ACTION ITEM. The required output is the stretch from the line containing "319 20TH STREET" through the line containing "606 W High Street, Terrell, TX 75160" in the records below, unaltered and with no pictures.

THE DATA.
Segment Open

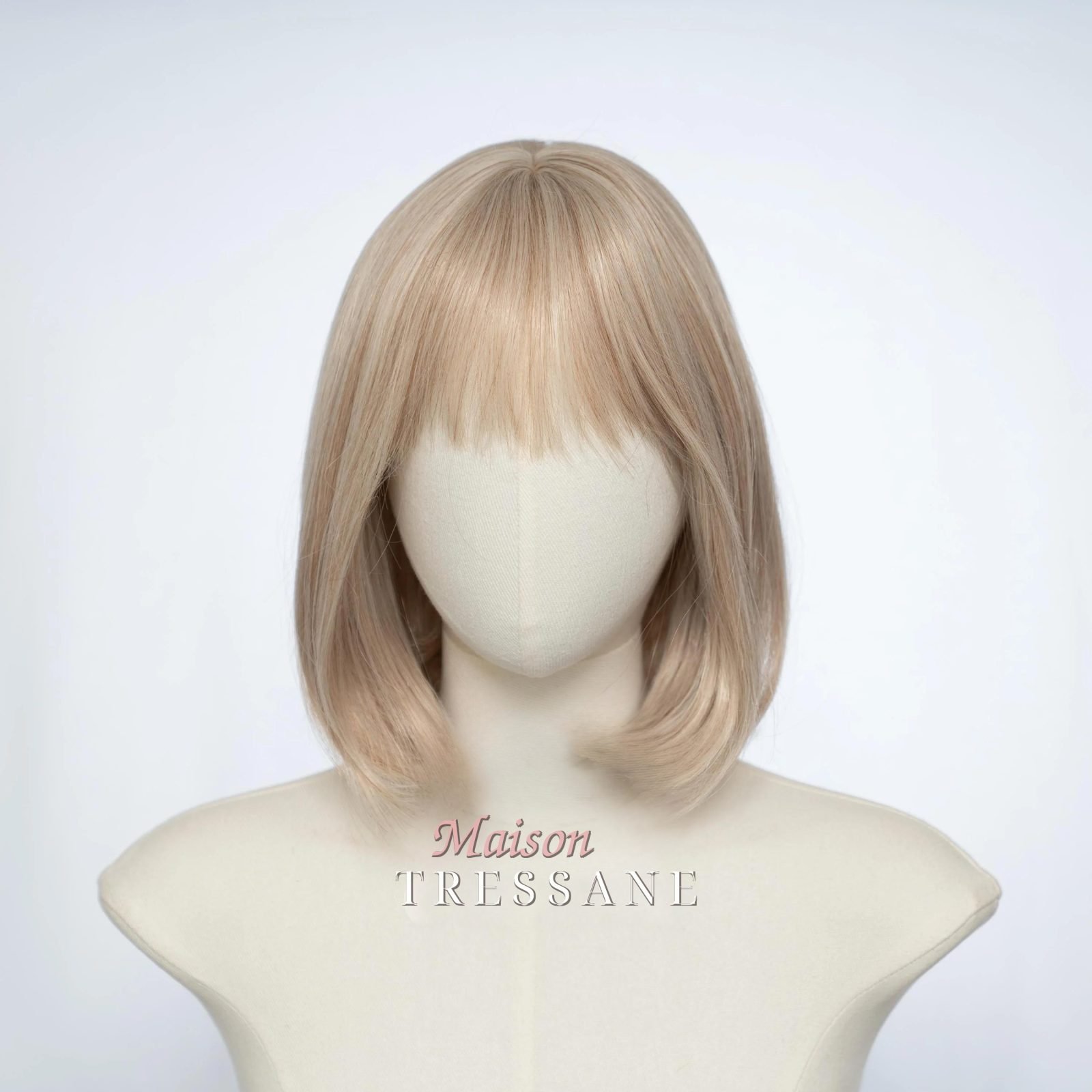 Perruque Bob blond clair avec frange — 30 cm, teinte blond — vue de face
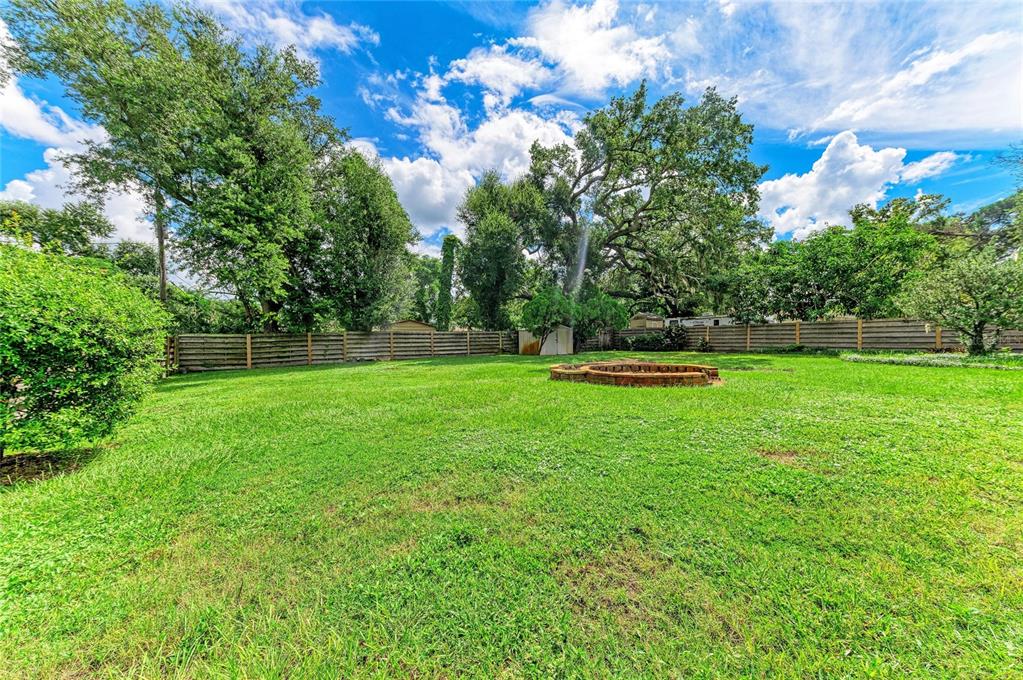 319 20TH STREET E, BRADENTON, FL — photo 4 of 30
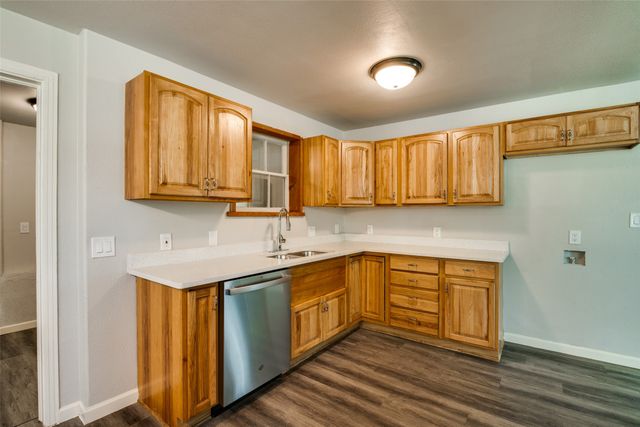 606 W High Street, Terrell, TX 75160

Segment Closed
Segment Open

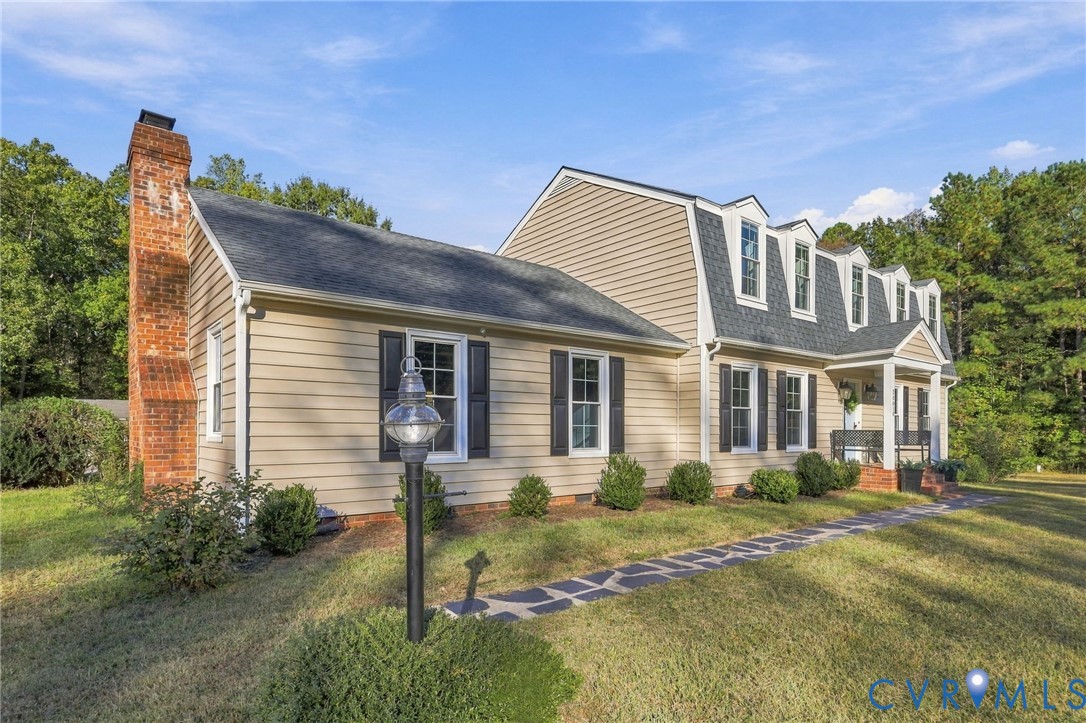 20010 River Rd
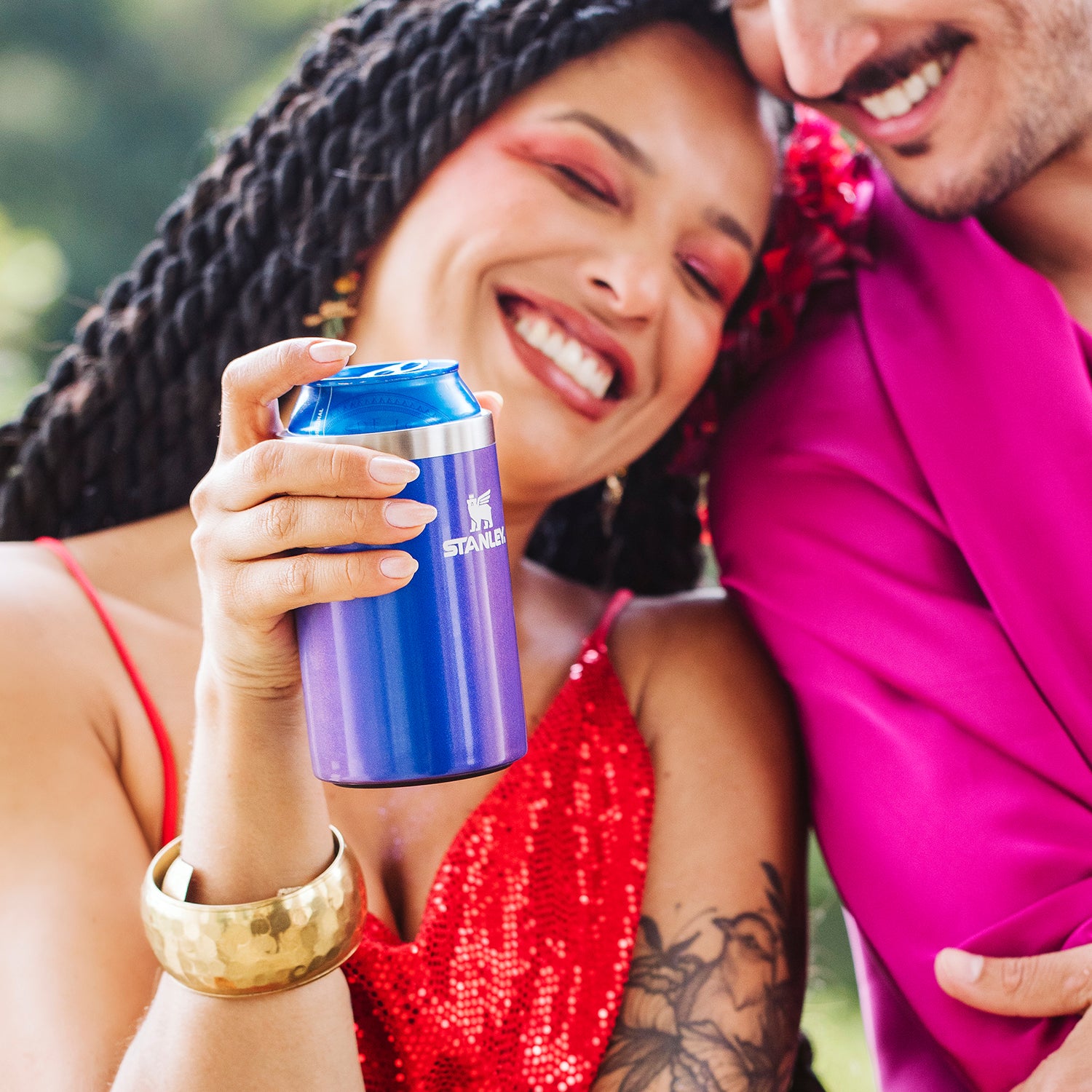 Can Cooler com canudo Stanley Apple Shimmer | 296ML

Segment Closed
Segment Open

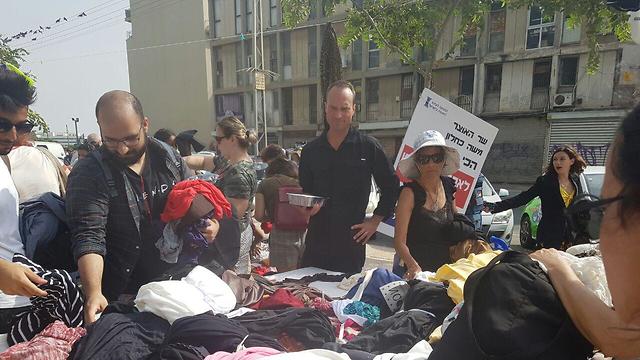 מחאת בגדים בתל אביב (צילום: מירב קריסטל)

Segment Closed

ANSWER FOR THIS EXERCISE.
 319 20TH STREET E, BRADENTON, FL — photo 4 of 30
 606 W High Street, Terrell, TX 75160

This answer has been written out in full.